If you're working in Word, you might be used to working on individual chapters, but Scrivener allows you to get deeper within your story. Scrivener works best when you break your manuscript down into small chunks; chapters perhaps, but better still is to work with scenes. You'll still be able to view your whole manuscript as running copy if that’s the way you like to work, and you can group scenes together into chapters, just as you would do in Word. 

But the difference here is that Scrivener attaches an index card and a notebook to every chunk - every section of your manuscript. On the index card, you jot down a summary of that scene (Scrivener will do it for you if you are on a flow and don’t want to stop. You can come back and change it later to suit you). You can also add key words to the index cards. These could be used to identify which character’s p.o.v. you’re in, or it could help identify which timeline this scene belongs to. Maybe you could use keywords to indicate that a scene is action or backstory or dialogue. 

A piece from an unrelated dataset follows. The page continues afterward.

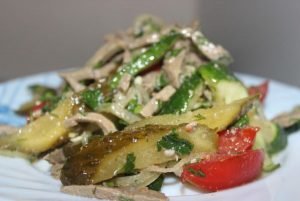 Salad with liver and vegetables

I like to colour code my index cards. You can also clip photos to your index cards. In the notes section for each scene you might put links to relevant research, links to other sections of the book (or even to other books you’ve written if you want), thoughts about what to do next, bits of handy information; there’s no limit. I put dates on there, to make sure my timeline is working, and thoughts such as “needs more drama”. The notes sit alongside the document when you’re writing, in addition to footnotes and comments, which you can use to highlight particular individual words or phrases (for example, "check this fact"). Then Scrivener will arrange the index cards on a cork-board, allowing you a fabulous overview of your whole book, an overview which would involve several hours of reading and re-reading when working in Word. 


You can find part 1 of this series on Scrivener here and part 2 here.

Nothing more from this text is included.